▸ Task objective
An exact copy, beginning at the line containing "4LDK house in" and ending at the final line of the records that follow, is the answer; it has no pictures and no other text.
[Start of section]
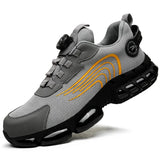 Striker | Men’s Tactical Safety Sneakers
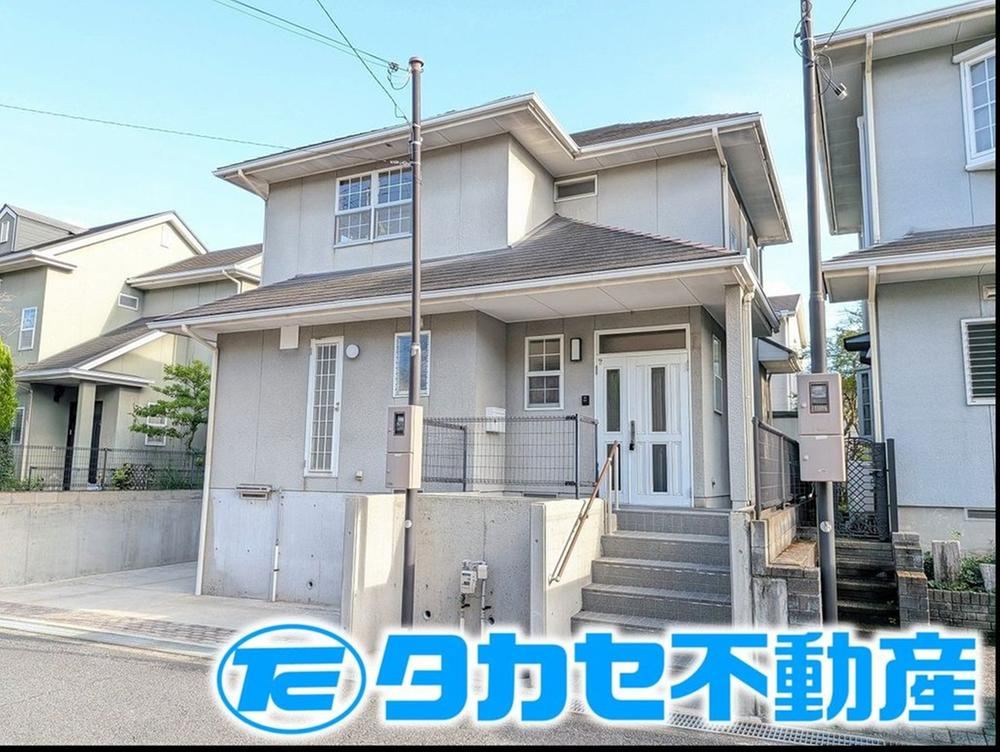 4LDK house in Taishi, Ibo District, Hyogo - Photo 1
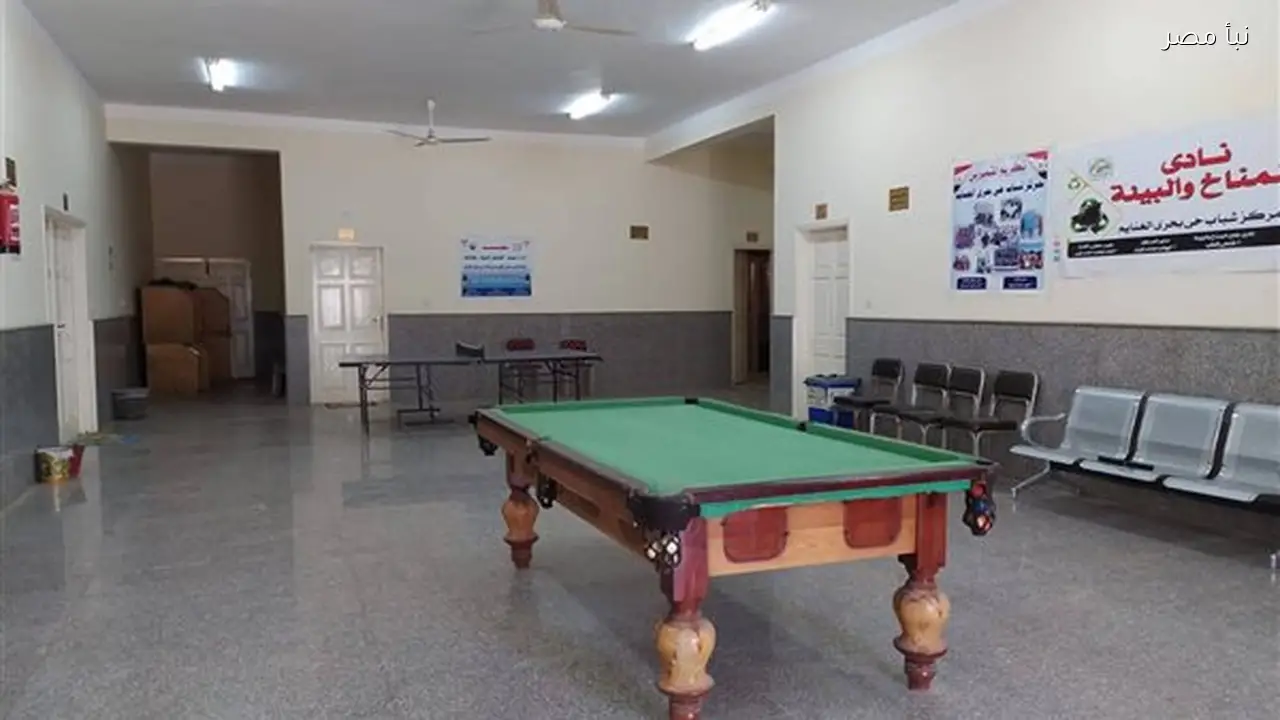 لجنة المتابعة المحلية بأسيوط تستمر في متابعة الهيئات الشبابية والرياضية لتعزيز الأداء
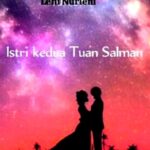 Istri kedua Tuan Salman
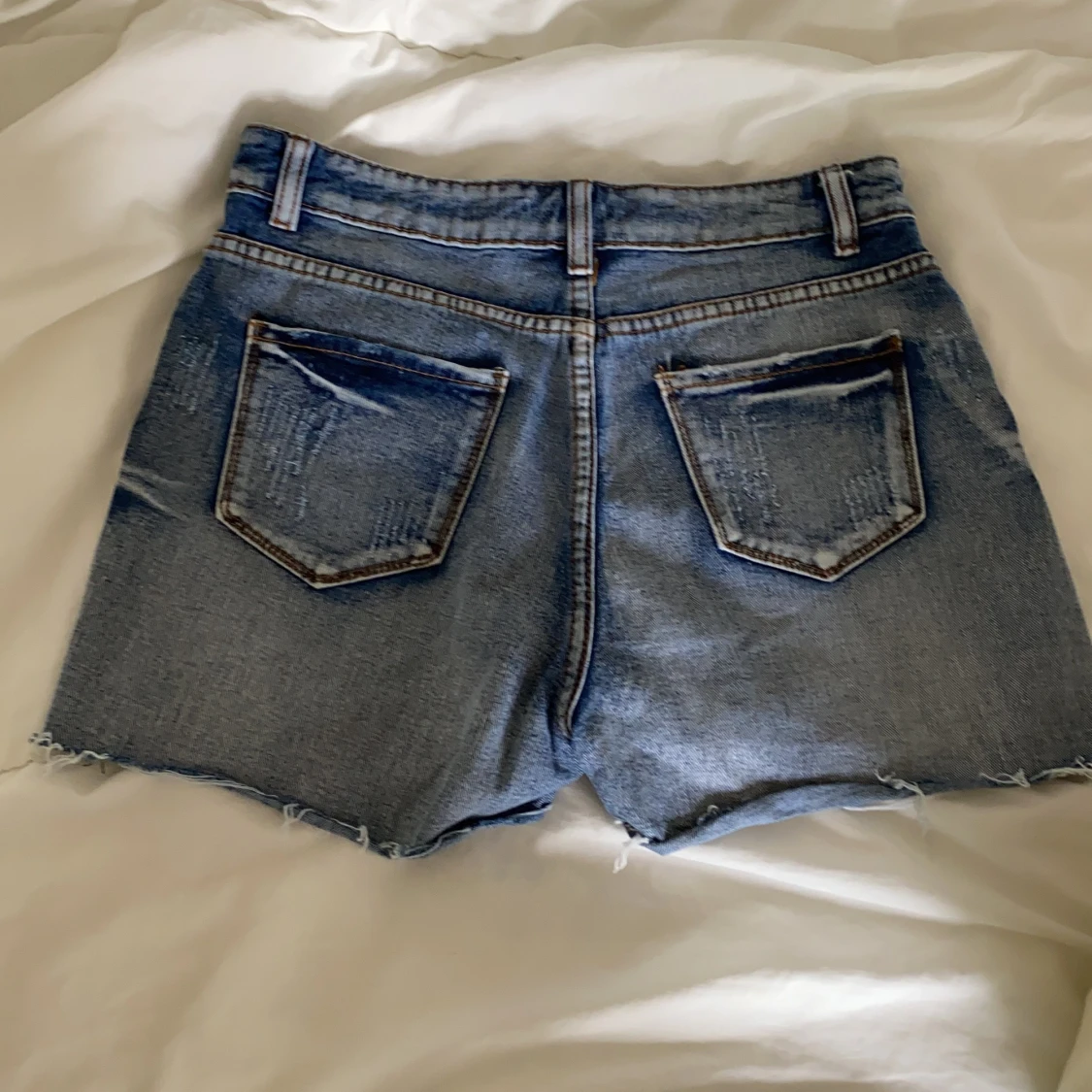 Jeansshorts S - 90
[End of section]
▸ Problem solution
 4LDK house in Taishi, Ibo District, Hyogo - Photo 1
 لجنة المتابعة المحلية بأسيوط تستمر في متابعة الهيئات الشبابية والرياضية لتعزيز الأداء
 Istri kedua Tuan Salman
 Jeansshorts S - 90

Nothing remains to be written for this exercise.